What to work on
Repeat, line for line, only the span that opens at the "5406 SUPER Pilatus" line and closes at the final line below. Skip the pictures.

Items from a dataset
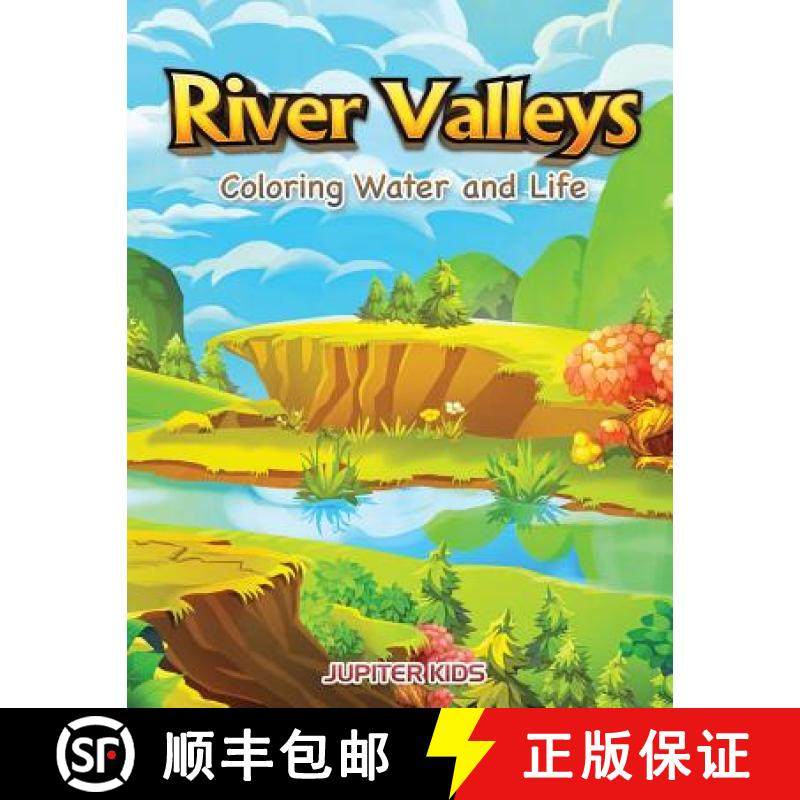 【3-4周达】River Valleys: Coloring Water and Life [9781683268857]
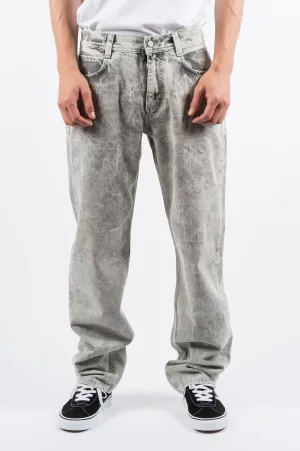 RASSVET PRINTED JEANS LIGHT GREY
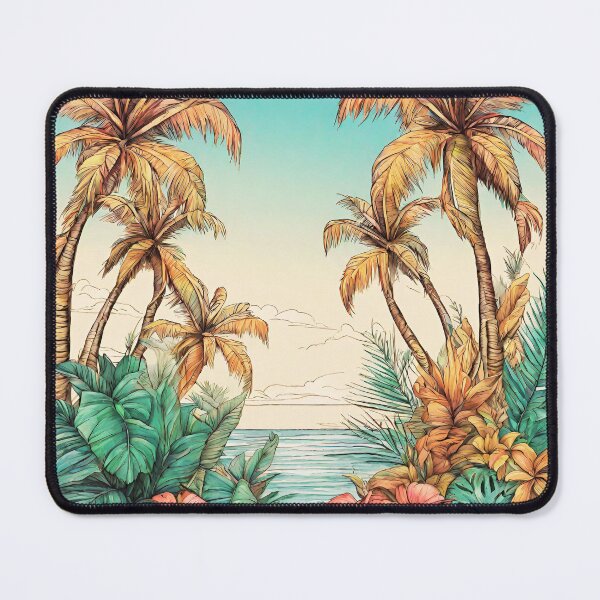 Item preview, Botanical Paradise: Tropical Landscape designed and sold by Aurorartsprint.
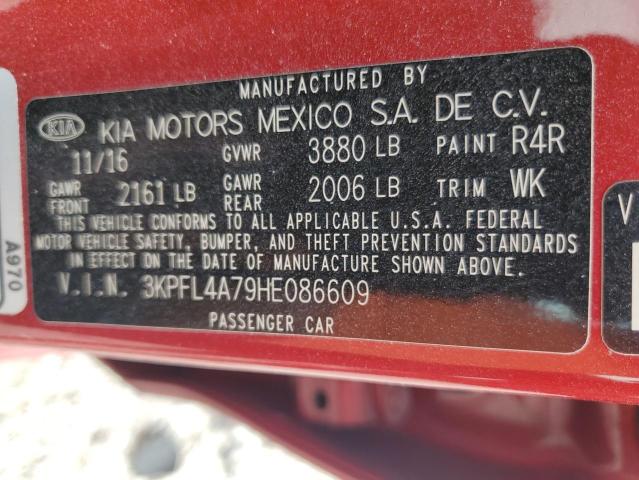 Photo 12 VIN: 3KPFL4A79HE086609 - KIA FORTE 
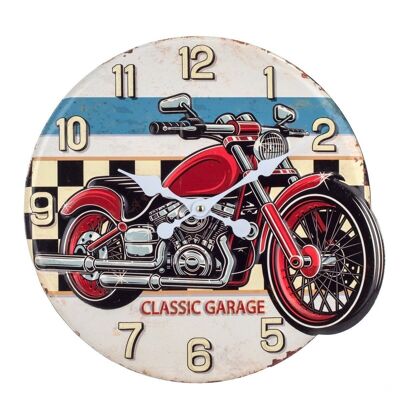 Motorcycle Wall Clock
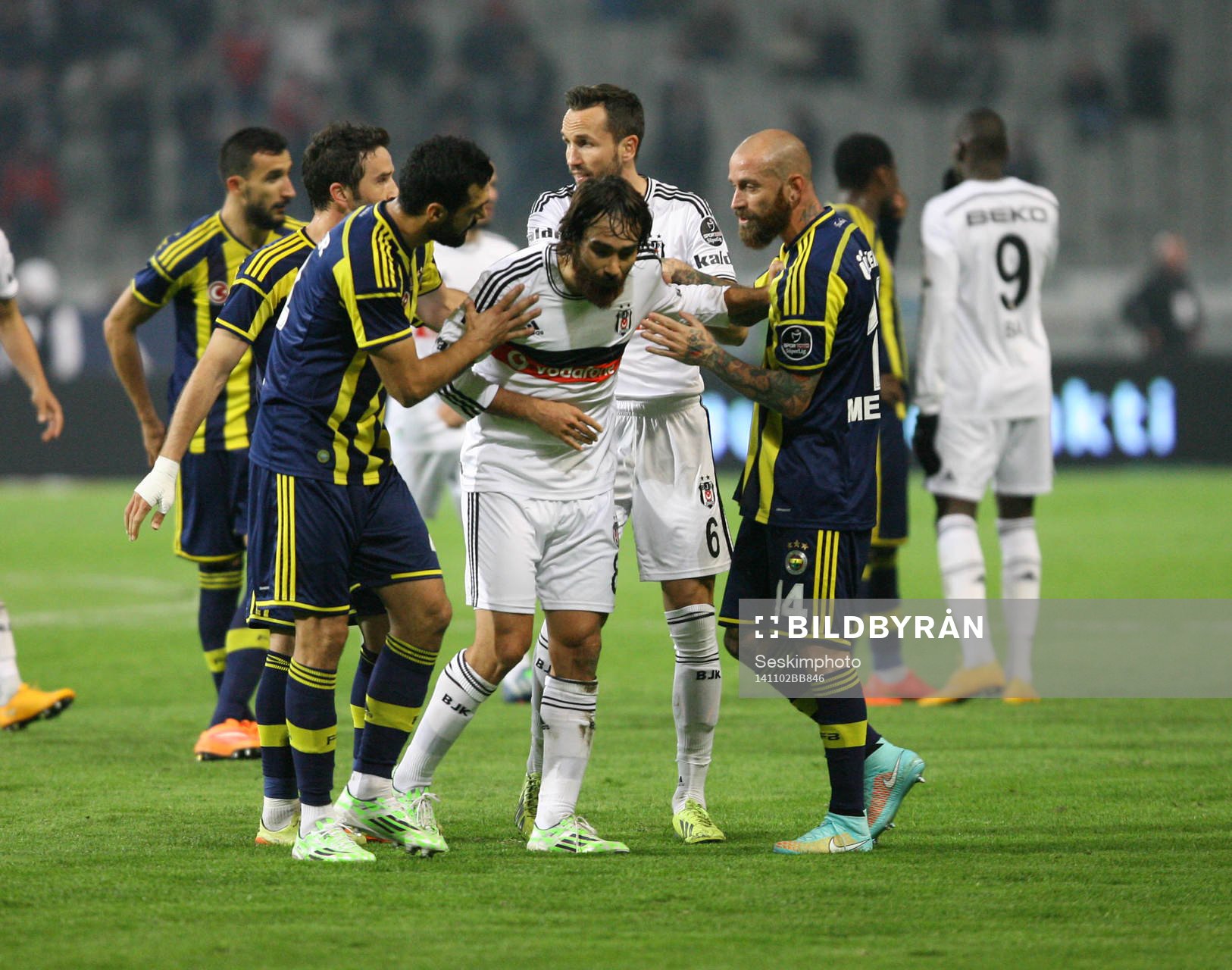 Turkey super league derby match between Besiktas and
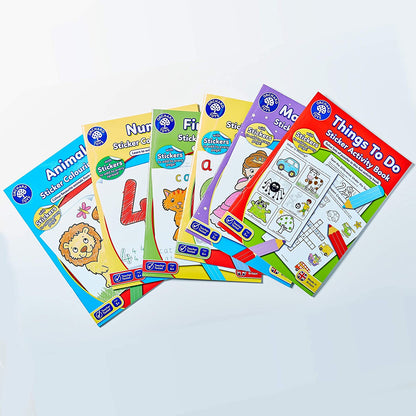 ORCHARD FIRST WORDS STICKER COLOURING BOOK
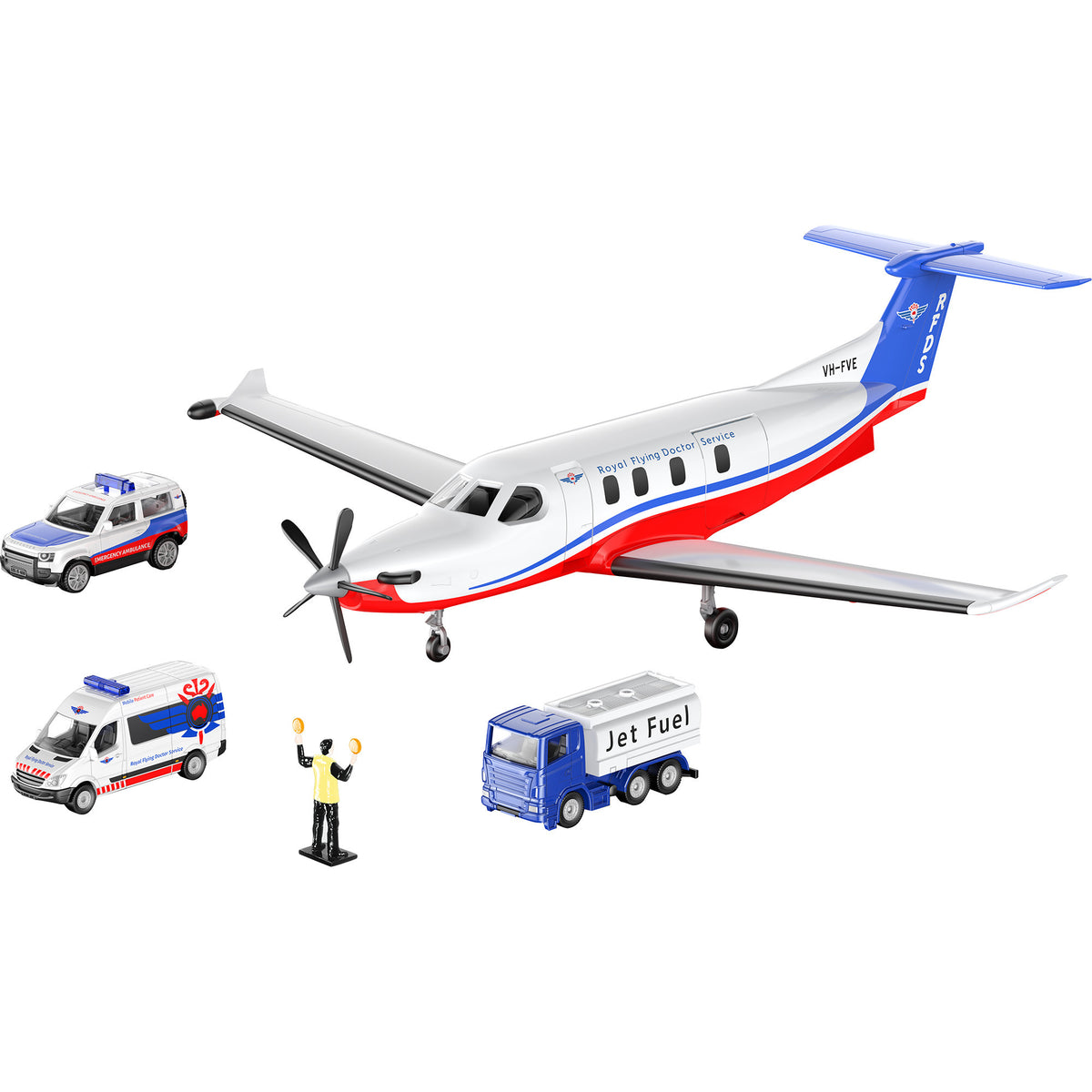 5406 SUPER Pilatus PC-12 Pro Flying Doctors mit Zubehör, Modellfahrzeug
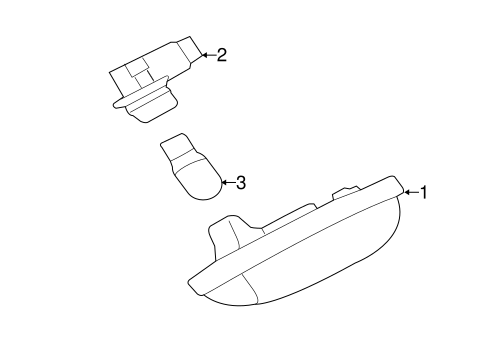 License Lamps for 2016 Subaru Legacy #0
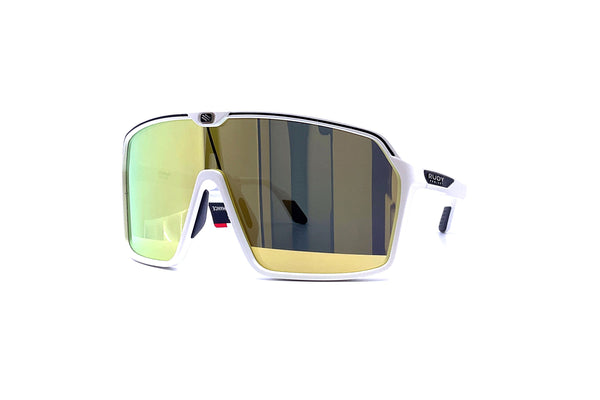 Rudy Project - Spinshield (White Matte | Multilaser Gold)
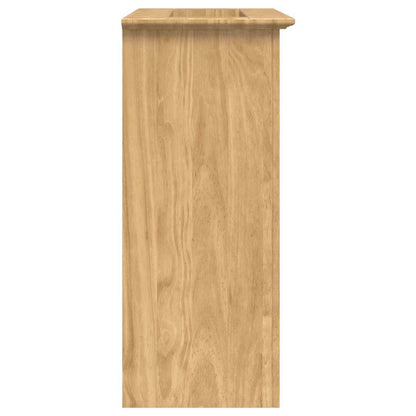 Mobile da Bagno con porta BODO Marrone miele 70 x 35 x 80 cm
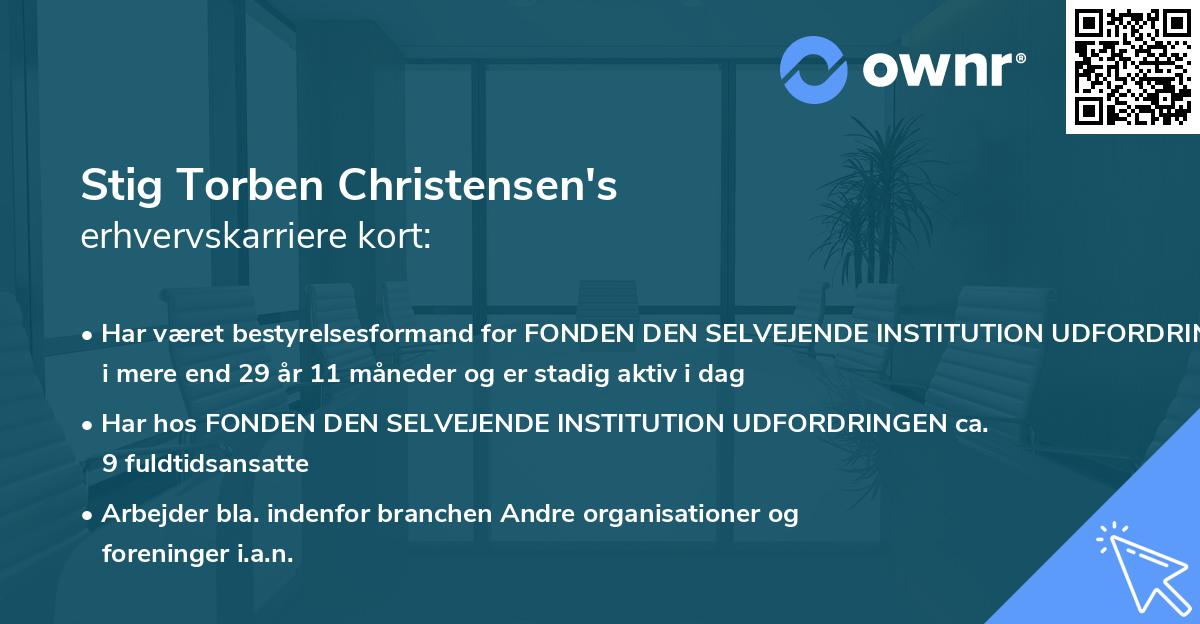 Stig Torben Christensen's erhvervskarriere kort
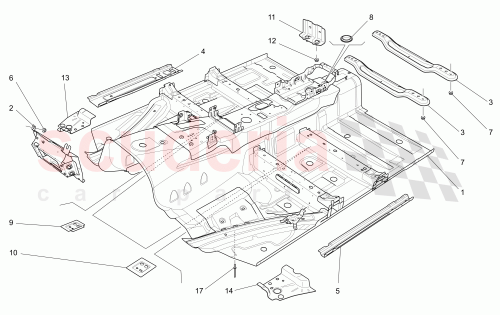 Part Diagram for Maserati 670036186
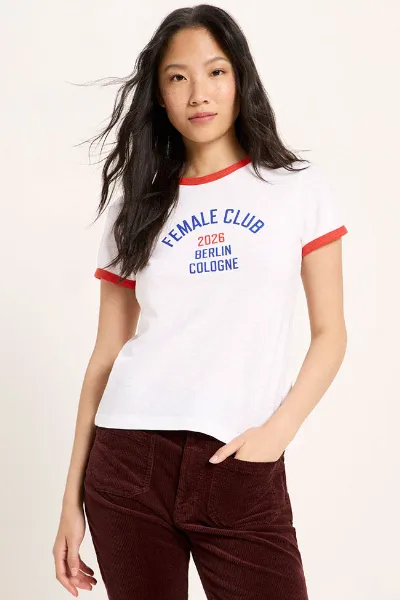 LANIUS Lanius Damen vegan T-Shirt Statement FÃ¼r Damen Club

Exercise response
 5406 SUPER Pilatus PC-12 Pro Flying Doctors mit Zubehör, Modellfahrzeug
 License Lamps for 2016 Subaru Legacy #0
 Rudy Project - Spinshield (White Matte | Multilaser Gold)
 Mobile da Bagno con porta BODO Marrone miele 70 x 35 x 80 cm
 Stig Torben Christensen's erhvervskarriere kort
 Part Diagram for Maserati 670036186
 LANIUS Lanius Damen vegan T-Shirt Statement FÃ¼r Damen Club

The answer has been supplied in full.